SAHİH-İ BUHARİ

Bablar - Konular - Numaralar

KİTABU’Z-ZEKAT

<< 717 >>

باب: ما كان من خليطين، فإنهما يتراجعان بينهما بالسوية.

35. Zekat Ortaklık Malından Verildiği Zaman, Ortaklar, Paylarına Göre Birbirine Rücu Eder

 

-وقال طاوس وعطاء: إذا علم الخليطان أموالهما، فلا يجمع مالهما. وقال سفيان: لا يجب حتى يتم لهذا أربعون شاة، ولهذا أربعون شاة.
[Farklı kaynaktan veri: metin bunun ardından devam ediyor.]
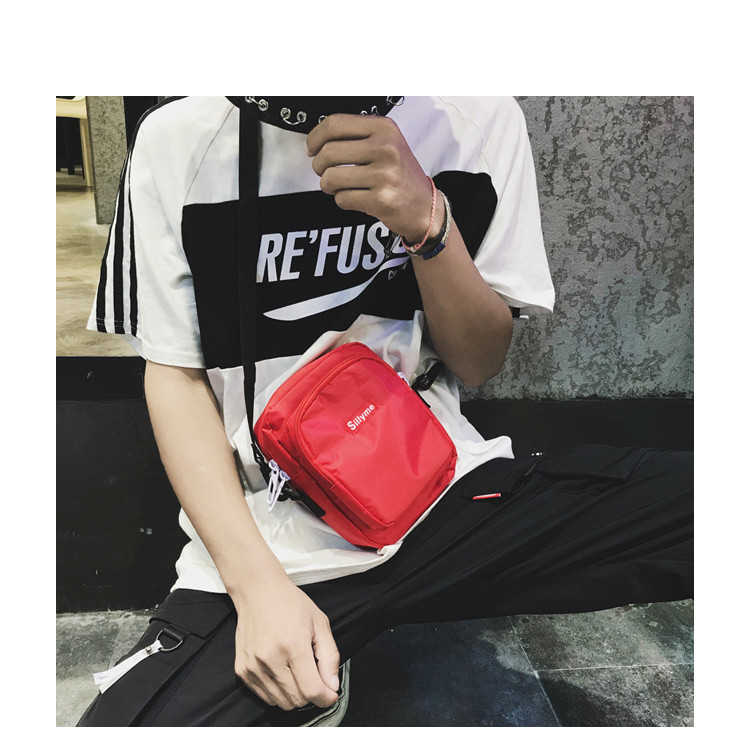 Geanta sport pentru barbati cu inscriptie in patru culori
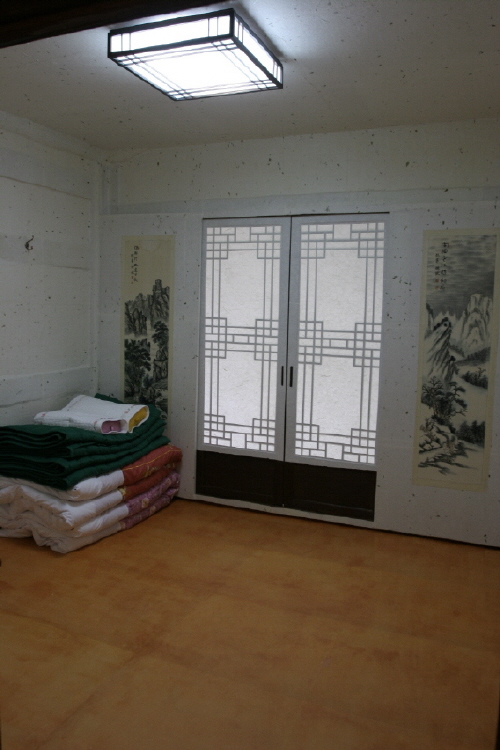 Hagindang House (학인당)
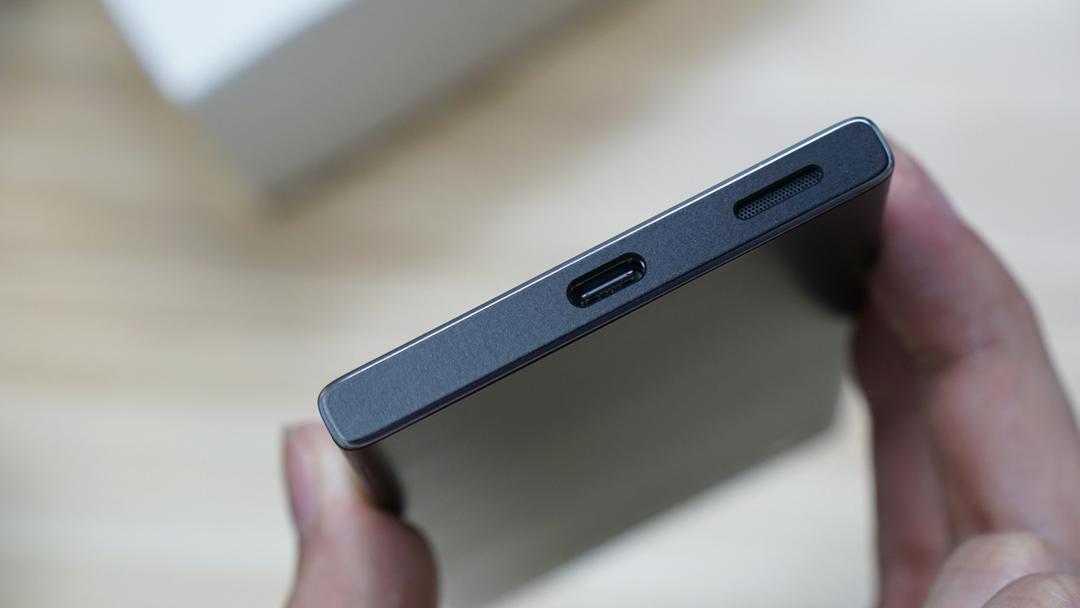 Lộ thiết kế Galaxy S24 Ultra: dân mạng thảng thốt, fan cũng giật mình - “sao nhìn y chang Sony Xperia?” Lộ thiết kế Galaxy S24 Ultra: dân mạng thảng thốt, fan cũng giật mình - “sao nhìn y chang Sony Xperia?”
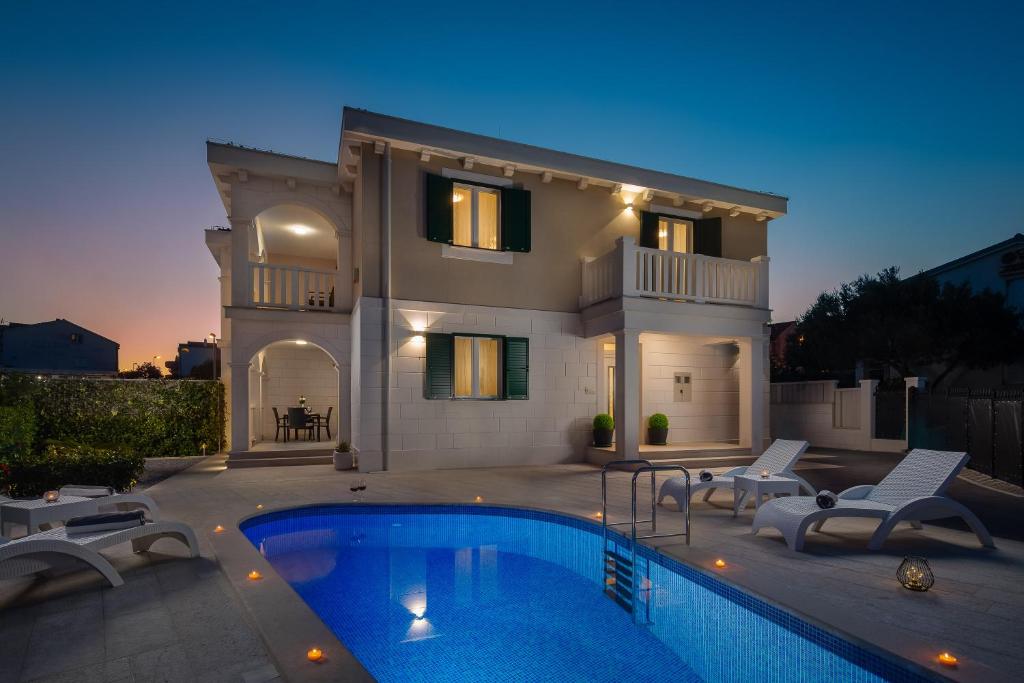Bazén v ubytování Villa Kami - 4 stars villa, Heated pool nebo v jeho okolí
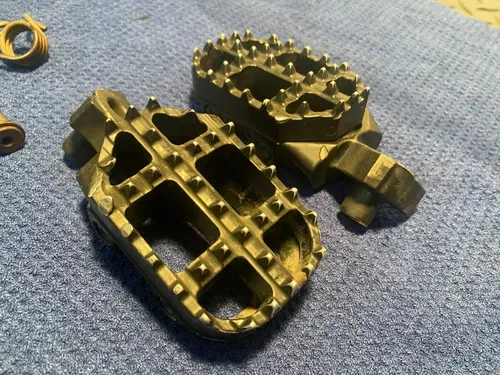 2015 YZ125 Yamaha YZ125 FOOTPEGS WIDE PEGS SPRING PINS ASSEMBLY YAMAHA YZ125 YZ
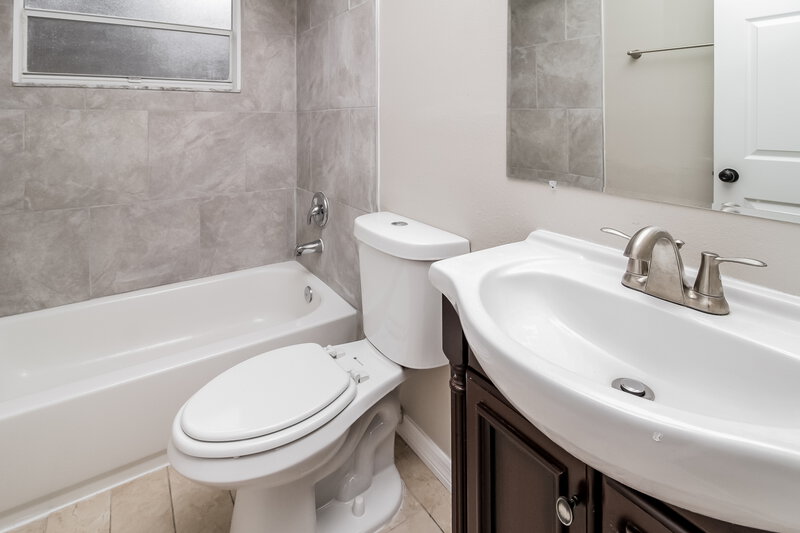 2,000/Mo, 2109 Lake Francis Dr Apopka, FL 32712 Bathroom View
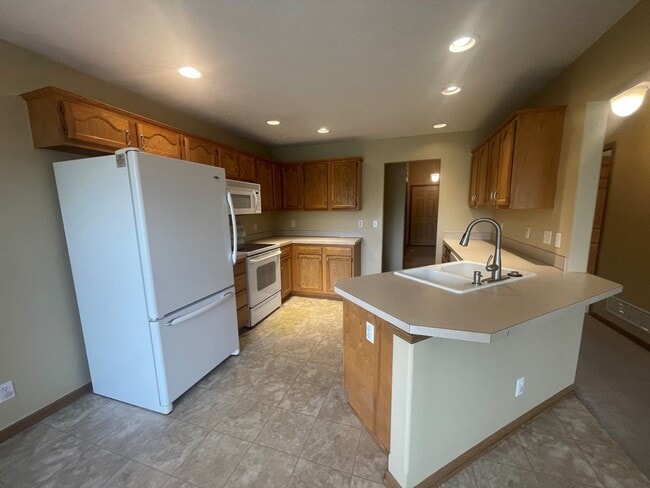 Building Photo - Home For Rent Papillion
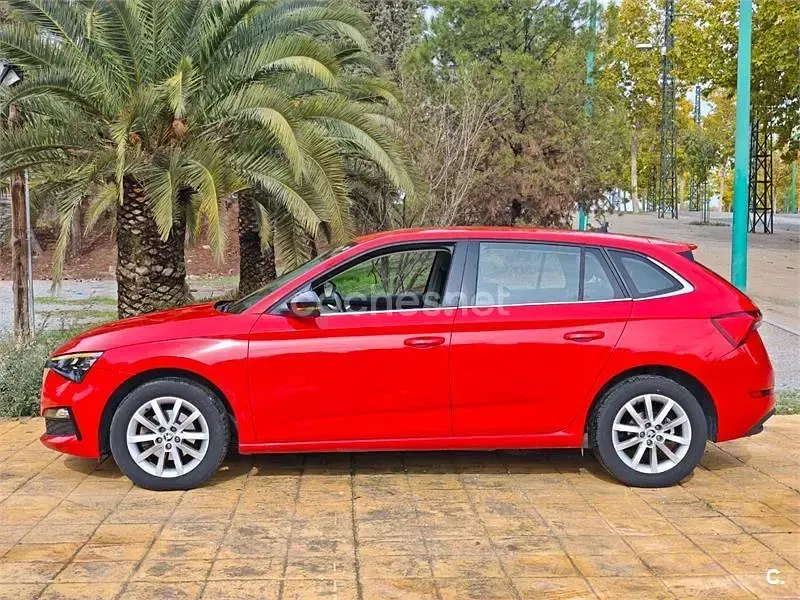 Usado Skoda Scala Monte Carlo 115 CV (84 kW) 2021 Rojo Utilitario
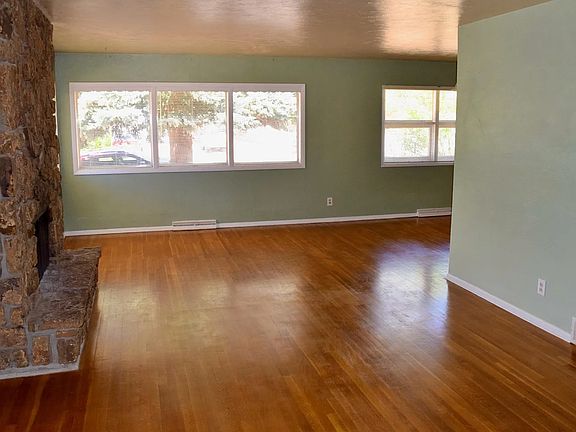 3rd image of 3845 Linda Vista Ln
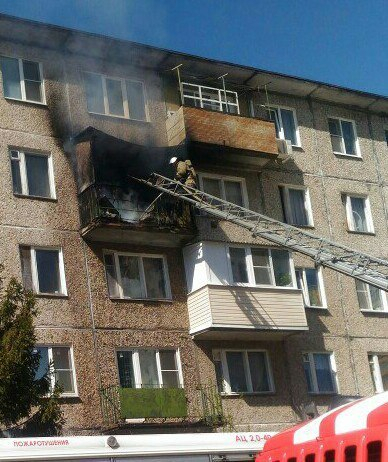 Серьезный пожар произошел в жилом доме Сормовского района (ФОТО)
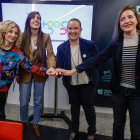 Las concejales del PSOE y Vox, Blanca Carpintero y Marta Alegría, con la presidenta de ProBurgos, Andrea Ballesteros, y la alcaldesa, Cristina Ayala. Escenificaron la unidad en torno a este "proyecto de ciudad".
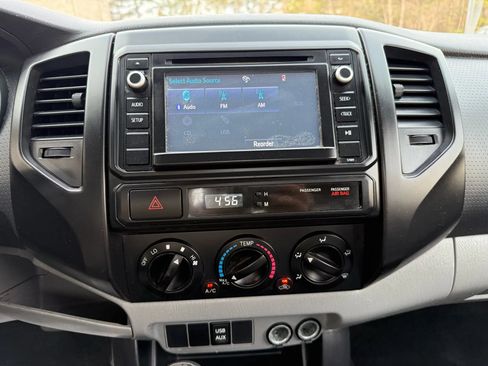 Used 2014 Toyota Tacoma 2WD Regular Cab image 23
Ata ve Tavus, "Malları birbirine karışmış vaziyette olan kimseler, kendi mallarının ne kadar olduğunu biliyor ise, bunlar toplanmaz" demiştir.  Süfyan ise, "Her biri için kırk koyun olmadıkça zekat vermek vacip değildir" demiştir.

 

حدثنا محمد بن عبد الله قال: حدثني أبي قال: حدثني ثمامة: أن أنسا حدثه:

 أن أبا بكر رضي الله عنه: كتب له التي فرض رسول الله صلى الله عليه وسلم: (وما كان من خليطين، فإنهما يتراجعان بينهما بالسوية).

 

[-1451-] Ebü Bekir r.a. Enes r.a.'e Resulullah Sallallahu Aleyhi ve Sellem'in belirlediği zekat miktarları konusunda yazdığı bir mektubunda şöyle demiştir: "Zekat ortaklık malından verildiği zaman, ortaklar, paylarına göre birbirine rücu eder."

 

 

AÇIKLAMA:     Ortaklık olarak tercüme ettiğimiz  خليطين kelimesi ile kasdedilen anlam konu­sunda ihtilaf edilmiştir: Ebu Hanîfe bunun, "ortaklık" anlamında olduğunu belirterek, "Her bir ortağın, sadece, ortaklık olmasaydı ne kadar vermesi gerekiyorsa o kadar zekat vermesi farzdır" demiştir.

 

Ibn  Cerîr  et-Taberî bu  görüşü  eleştirerek,   "Eğer  ortaklığın  olması  ile olmamasının hükmü aynı ise bu hadis faydasız kalmaktadır. Nehiy (yasaklama) ancak nehiyden önceki duruma göre farklılık arzetmesi halinde yapılır. Eğer (Ebu Hanîfe'nin dediği gibi olsaydı)  ortakların birbirine rücu etmesinin bir anlamı kalmazdı."

 

Rücu ile ilgili olarak Hattabî şöyle demiştir: "Örneğin, her birinin yirmi koyunu olacak şekilde, iki kimseye ait kırk koyun olsa, taraflar, hangi koyunların kendilerine ait olduğunu da bilse, zekat memuru da onlardan birinden bir koyunu zekat olarak alsa, koyunu veren, yarım koyun değerini vermesi için diğer ortağa rücu eder. Bu, "komşuluk ortaklığı" (hultatü'l-civar) olarak adlandırılan bir meseledir.

 

İmam Malik de, Süfyan-i Sevrî'nin, "Her birinin kırkar koyunu olmadıkça zekat vacip olmaz" şeklindeki görüşünü benimsemiştir.

 

Şafii, Ahmed ve ehl-i hadis ise şu görüştedir; Eğer hayvanları zekat nisabına ulaşmış ise zekatı verirler. Onlara göre "karışma" (hulta), otlak, ağıl, belirli bir tarla ve damızlık erkek hayvan bakımından olabilir. Bunlardan daha özel anlamı, ortaklık bakımından karışmadır.